# WHAT THE EXERCISE ASKS
Word for word, copy the listing below and leave out its images.

# EXERCISE MATERIALS

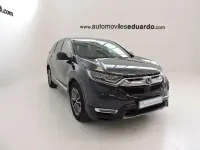 Usado Honda CR-V 184 CV (135 kW) 2022 Azul SUV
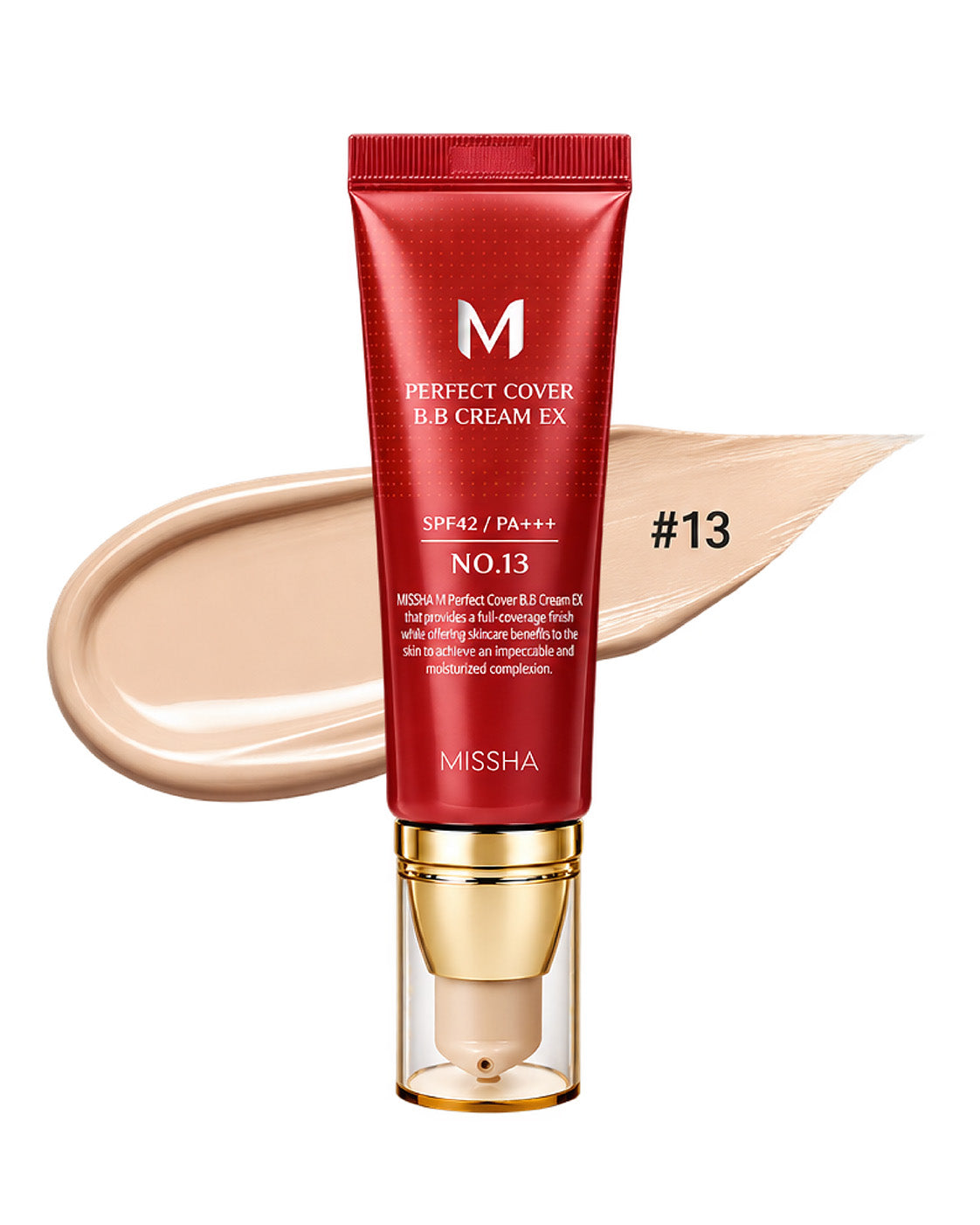 MISSHA M Perfect Cover BB Cream EX (20ml)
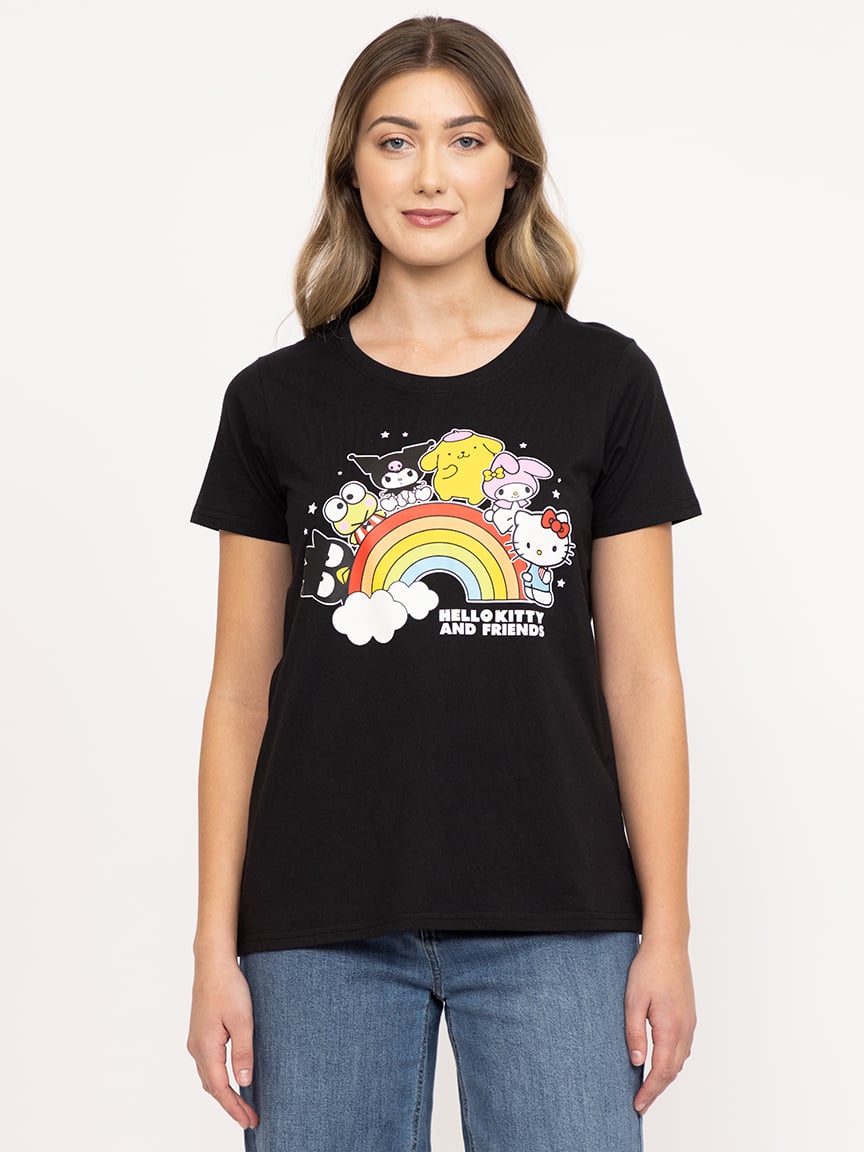 Women's Hello Kitty Relaxed Tee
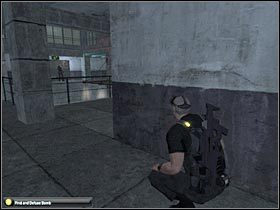 6 - NYC - JBA HQ - Part 4 (1) | Misja 10.1 w Splinter Cell Double Agent - Tom Clancys Splinter Cell: Double Agent - poradnik do gry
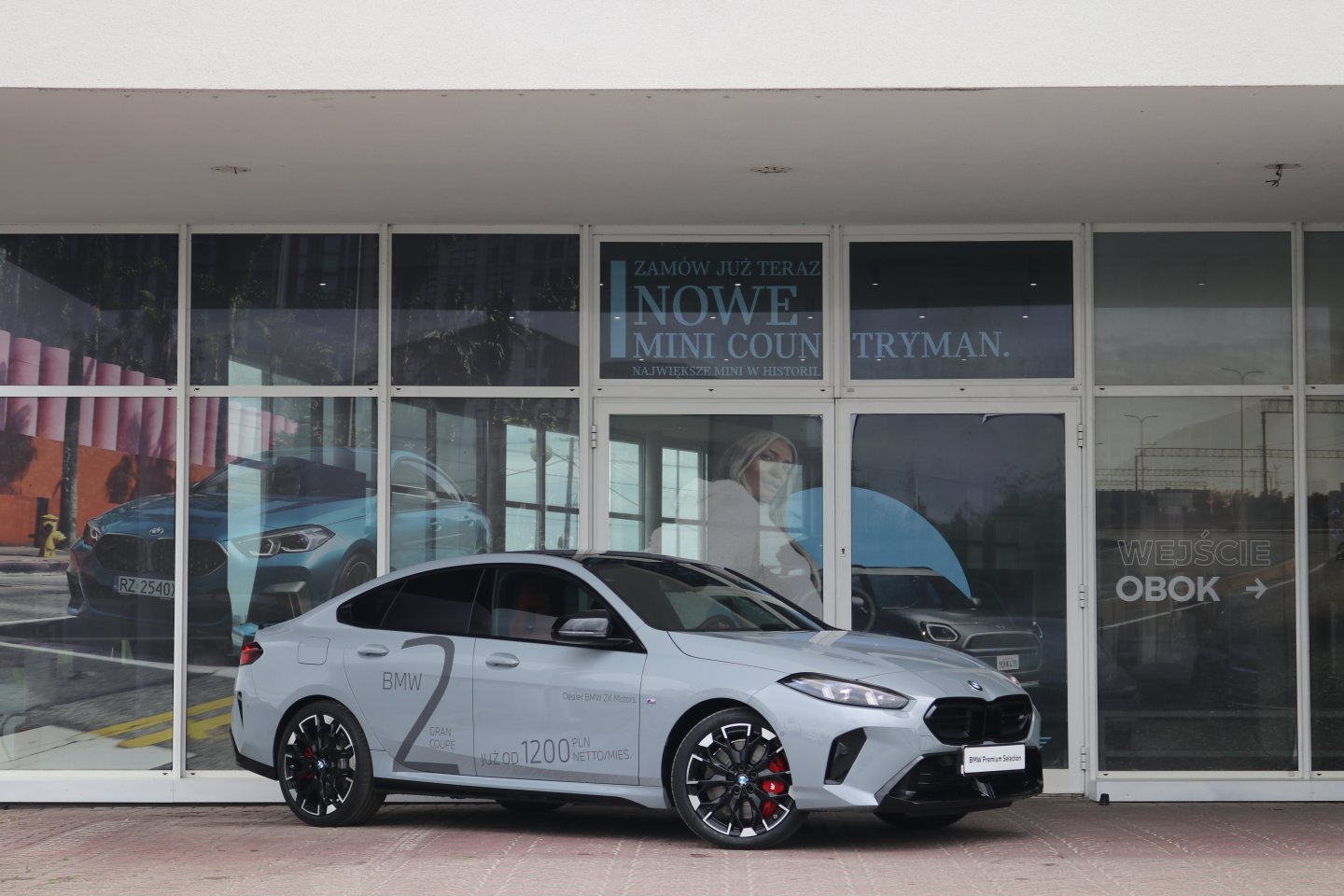 31GG - M235 Xdrive Gran Coupe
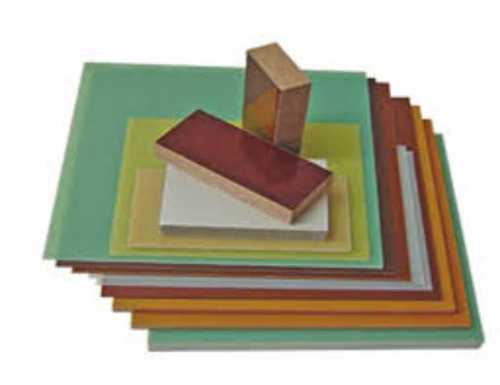 Any Color Accurate Dimension And Flexible Laminate Sheet In Square Shape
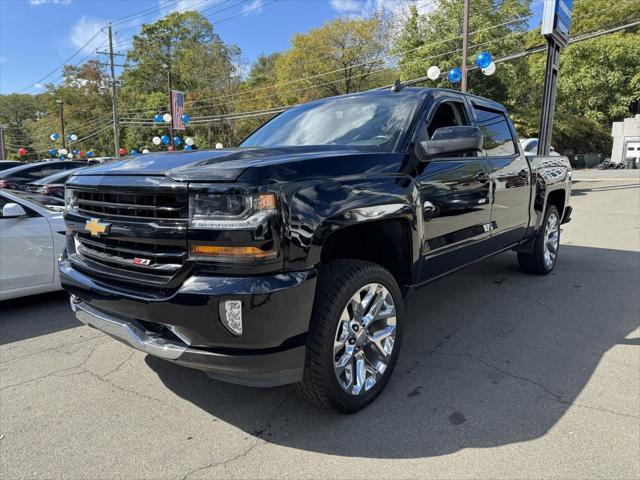2018 chevrolet silverado 1500 2lt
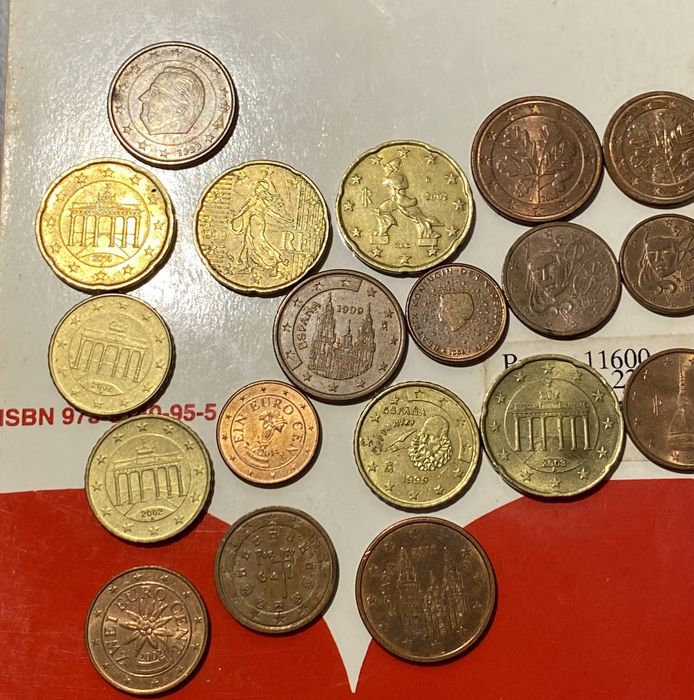 Vând Colecție de Monede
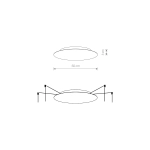 Puszka CAMELEON CANOPY A II 12058 Nowodvorski - zdjęcie dodatkowe 1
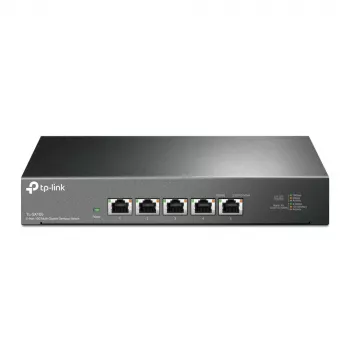 Nevaldomas jungiklis TP-Link TL-SX105 5 prievadų 10G stalinis jungiklis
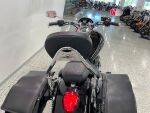 Triumph Thunderbird 2009 Musta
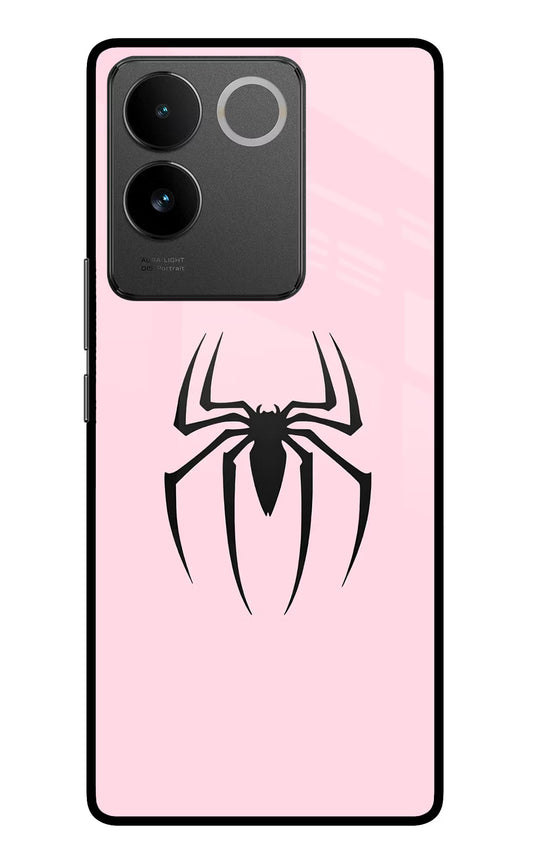 Peter Symbol Vivo T2 Pro 5G Glass Case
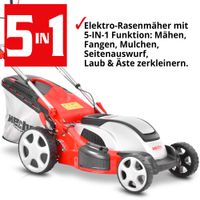 Rasenmäher Elektrik Elektromäher Mäher Grasfangkorb Mulchkit VB Nordrhein-Westfalen - Greven Vorschau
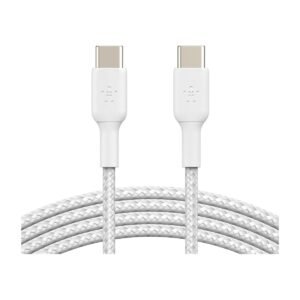 BELKIN USB-C TRENZADO 1M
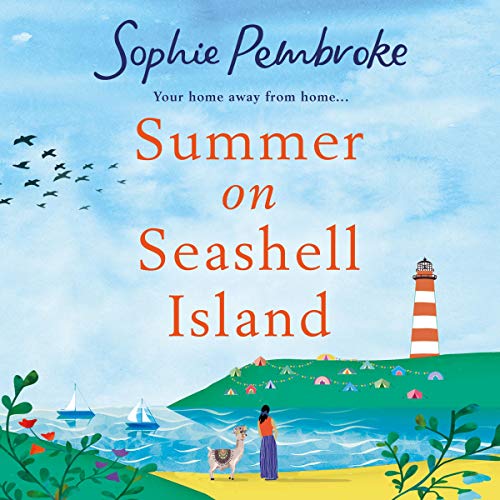 Cover of Summer on Seashell Island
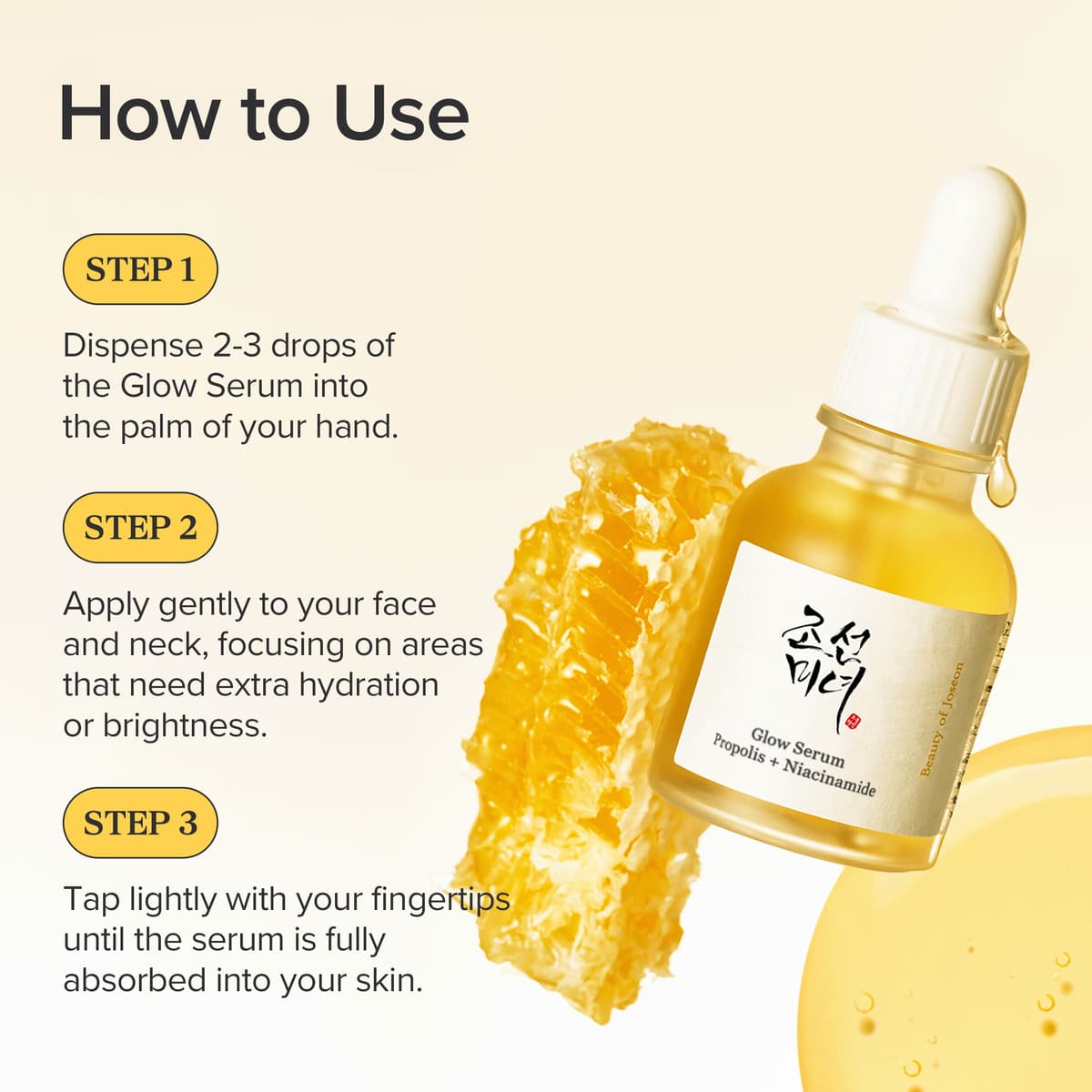 LA ROSE - Vitamin Essence Serum - 30ml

# RESPONSE TO THIS TASK
 Usado Honda CR-V 184 CV (135 kW) 2022 Azul SUV
 MISSHA M Perfect Cover BB Cream EX (20ml)
 Women's Hello Kitty Relaxed Tee
 6 - NYC - JBA HQ - Part 4 (1) | Misja 10.1 w Splinter Cell Double Agent - Tom Clancys Splinter Cell: Double Agent - poradnik do gry
 31GG - M235 Xdrive Gran Coupe
 Any Color Accurate Dimension And Flexible Laminate Sheet In Square Shape
2018 chevrolet silverado 1500 2lt
 Vând Colecție de Monede
 Puszka CAMELEON CANOPY A II 12058 Nowodvorski - zdjęcie dodatkowe 1
 Nevaldomas jungiklis TP-Link TL-SX105 5 prievadų 10G stalinis jungiklis
 Triumph Thunderbird 2009 Musta
 Peter Symbol Vivo T2 Pro 5G Glass Case
 Rasenmäher Elektrik Elektromäher Mäher Grasfangkorb Mulchkit VB Nordrhein-Westfalen - Greven Vorschau
 BELKIN USB-C TRENZADO 1M
 Cover of Summer on Seashell Island
 LA ROSE - Vitamin Essence Serum - 30ml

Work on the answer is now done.